Every time I see an article like this; it makes me sigh and pity the poor fool who decides that the performance increase given by RAID-0 is worth it. And with four 3 terabyte drives no less, a single drive failure would cause up to 12 terabytes of data loss.

Please, friends don’t let friends use RAID-0 unless said friend really knows what they are doing and has a rigorous back-up routine. Running 3 terabyte drives in a RAID-5 configuration is risky enough with rebuild times going be horrible….but RAID-0, you’ve got to be nuts!

If you rely on the data to do your job, you’ve got to be doubly nuts! Buy yourself an SSD or two and archive files to large properly protected disks when you’ve finished working with them. Don’t kid yourself that you are only storing ‘working files’ on your RAID-0; those working files, the time you really need them…is when you are working on them.


One Comment

  1. Alan says:

    I recently had a RAID disaster, started off with 2 250G barracudas in AID0. When new, based on the published MTBF of the drives it was theoretically more reliable than many single drives, just like every non techie in the world gets in their off the shelf PC. So I wasn’t concerned and as before, continued the monthly backup of my documents and photos.

    It was when you started tweeting about AID0 last month I realised this array was now 4.5 years old I decided to throw another drive in and migrate to RAID5 while upgrading the machine for Portal 2, this is where the cock up occurred.

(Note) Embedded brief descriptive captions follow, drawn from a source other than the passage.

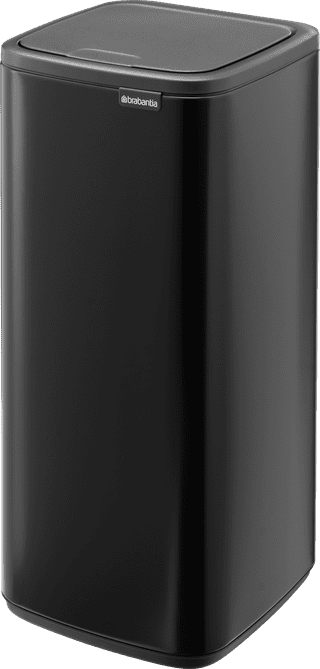 Brabantia Bo Touch Bin 30 Liter Matt Black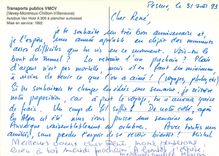 CPM Transports publics VMCV Vevey Montreux Chillon Villeneuve Autobus Van Hool A 300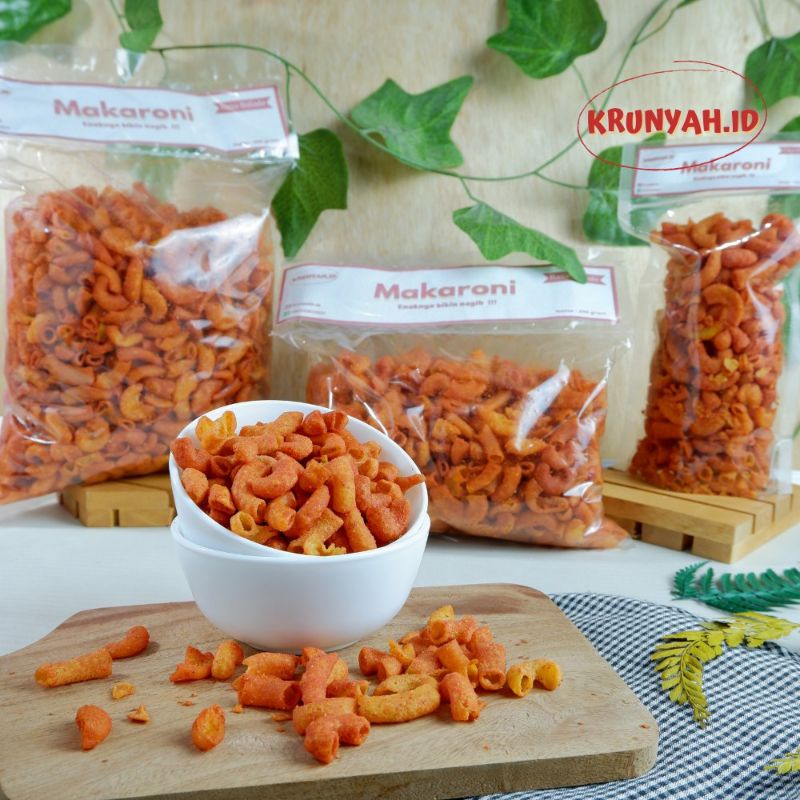 

Makaroni Rasa Balado 115 gram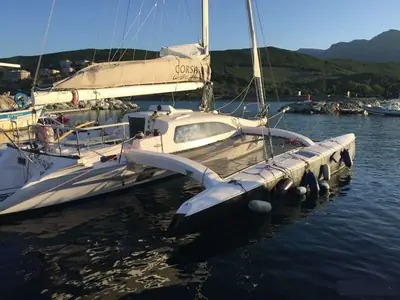 2008 Corsair Marine 37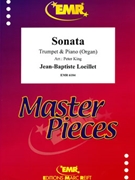 Sonata by Loeillet Jean-Baptiste - Peter King - for Cornet and Piano (Cornet and Piano)
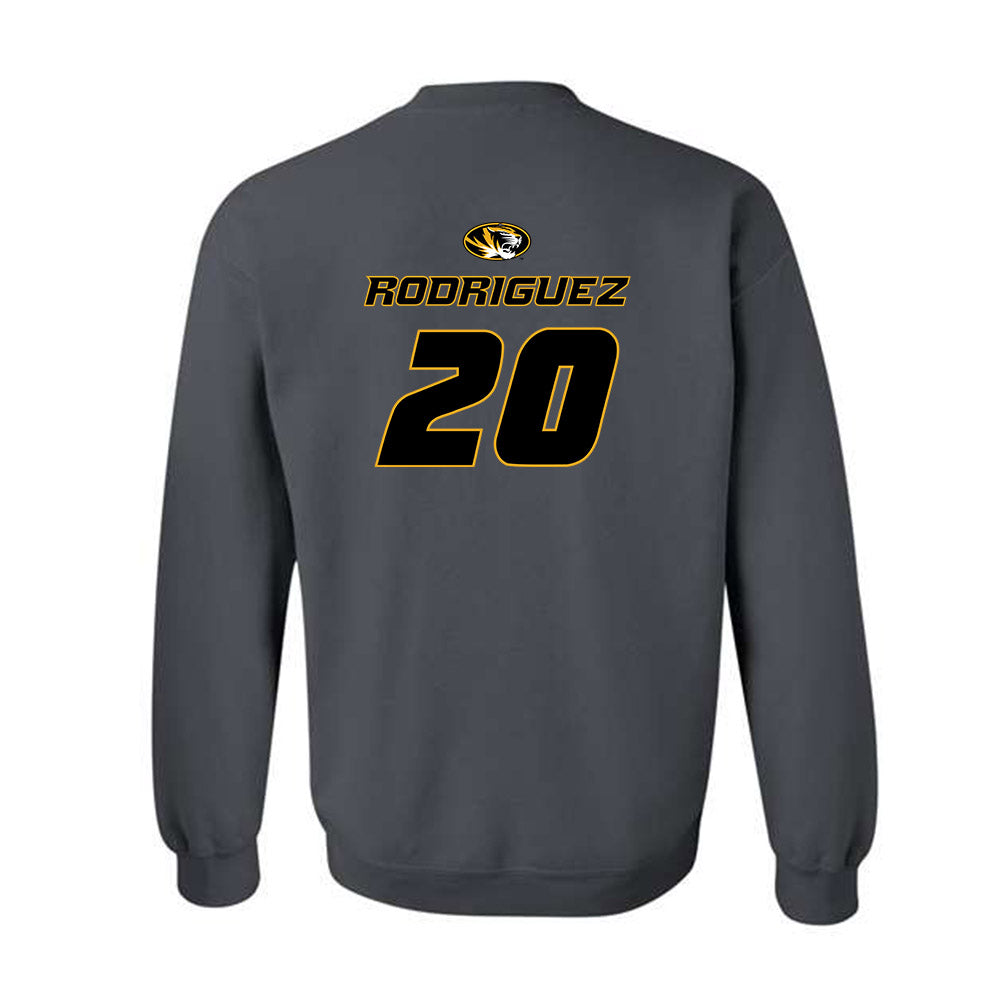 Missouri - NCAA Football : Nicholas Rodriguez - Classic Shersey Crewneck Sweatshirt-1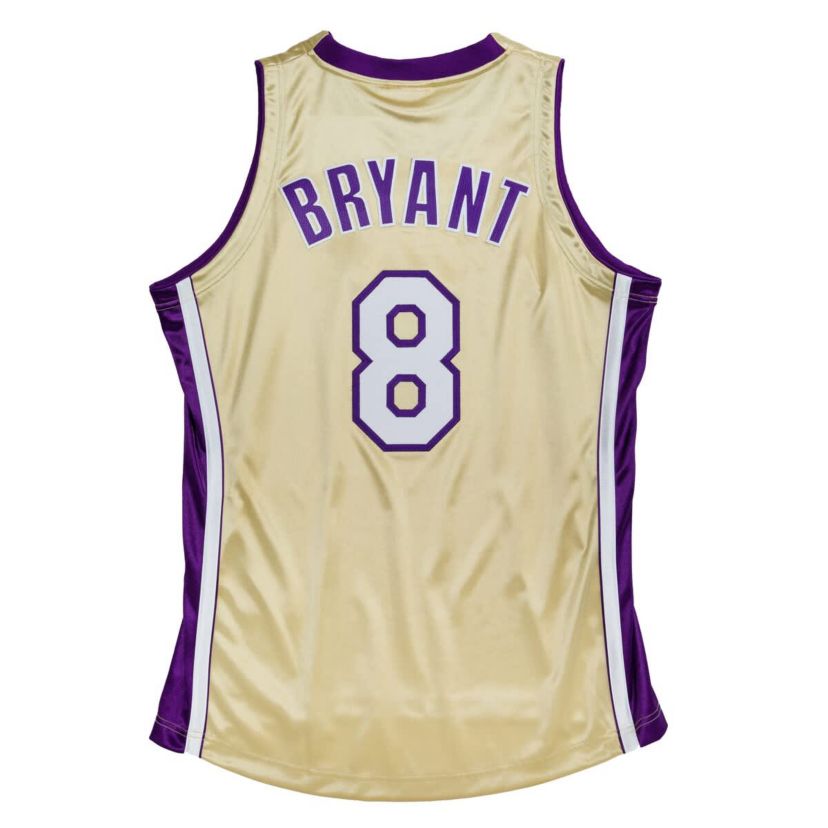 NBA Kobe Bryant Los Angeles Lakers Hall of Fame Class of 2020 #8 Authentic Jersey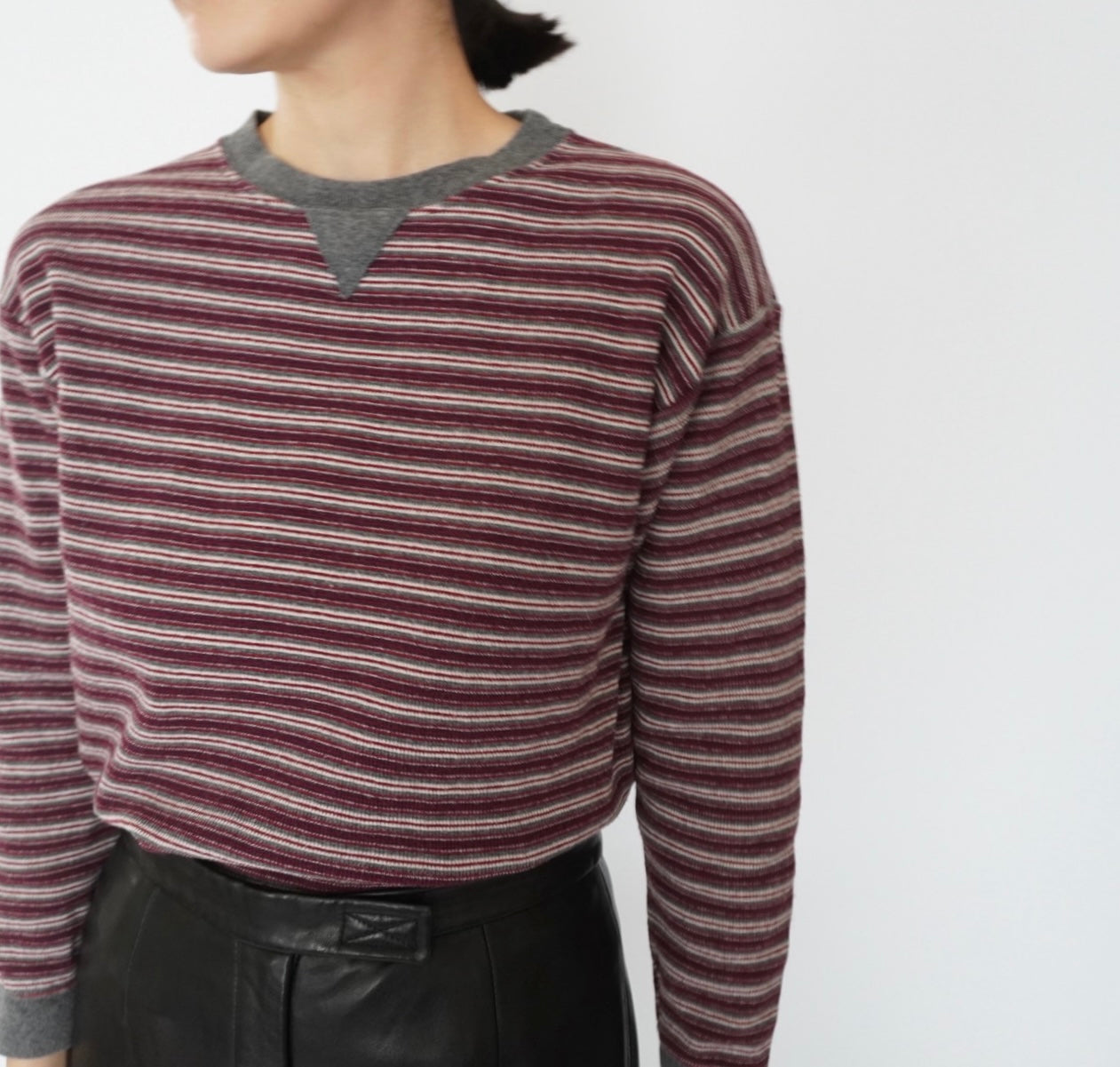 90s Striped Top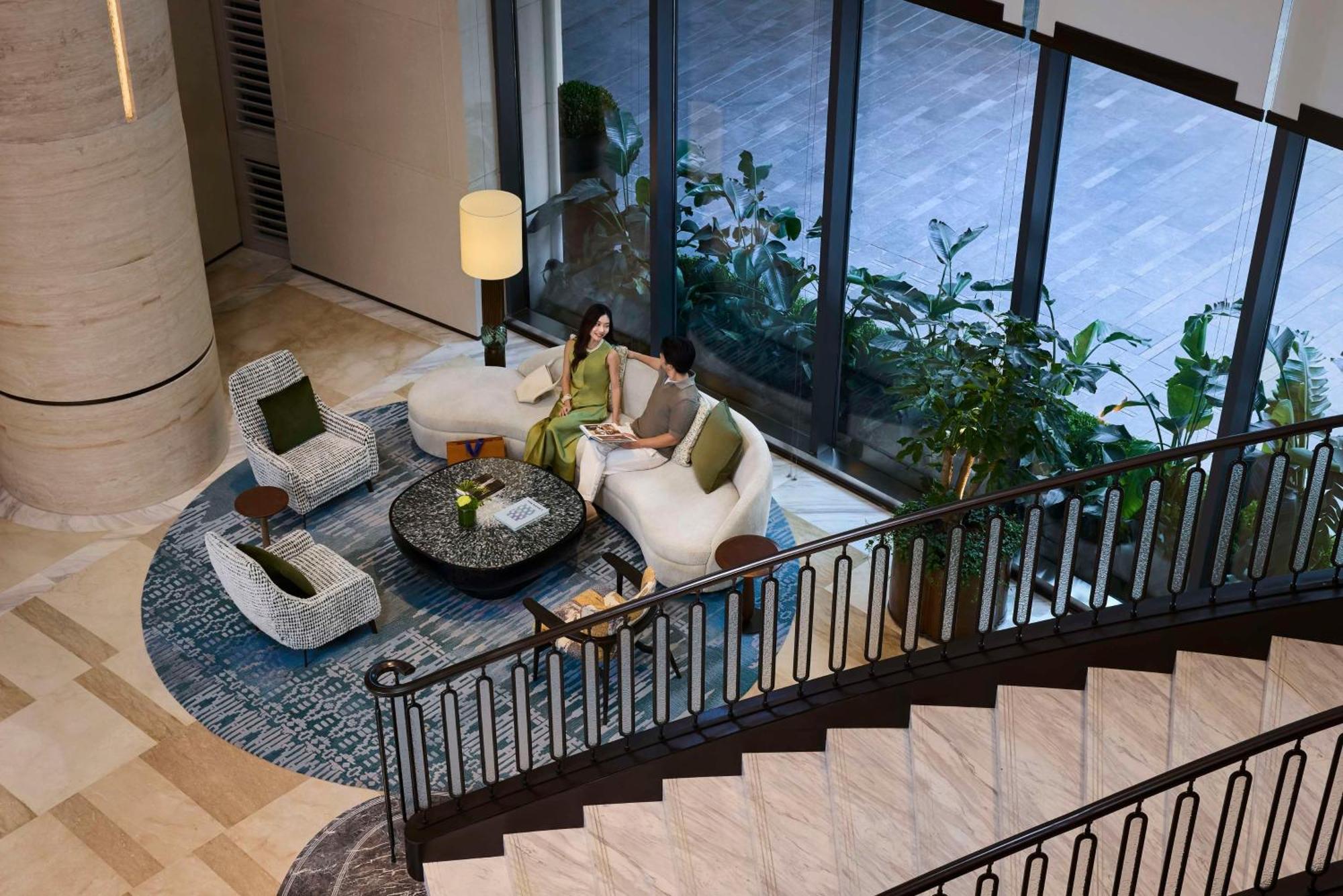 Hilton Shanghai City Center -Steps From Iconic Landmarks Wukang Mansion And Jing'An Temple Exterior foto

    When I plugged in the new drive I didn’t seat the power cable for one of the old drives fully. The machine boots and says the array is offline, and apparently when I went into the Intel RAID config dealie it writes config data, and prevents the array working when I plug the drive back in. So without any hard disk failure the array has been blown away, all because of a glitchy controller software.

    Turns out I didn’t need the backup thus time because I was able to use some RAID recovery tools, which saved me copying my music back to the machine and loosing a lot of TV series and films.

    I don’t think any RAID with the cheap controllers you get in PCs can be considered safe. The backups on my new RAID 5 array shall continue.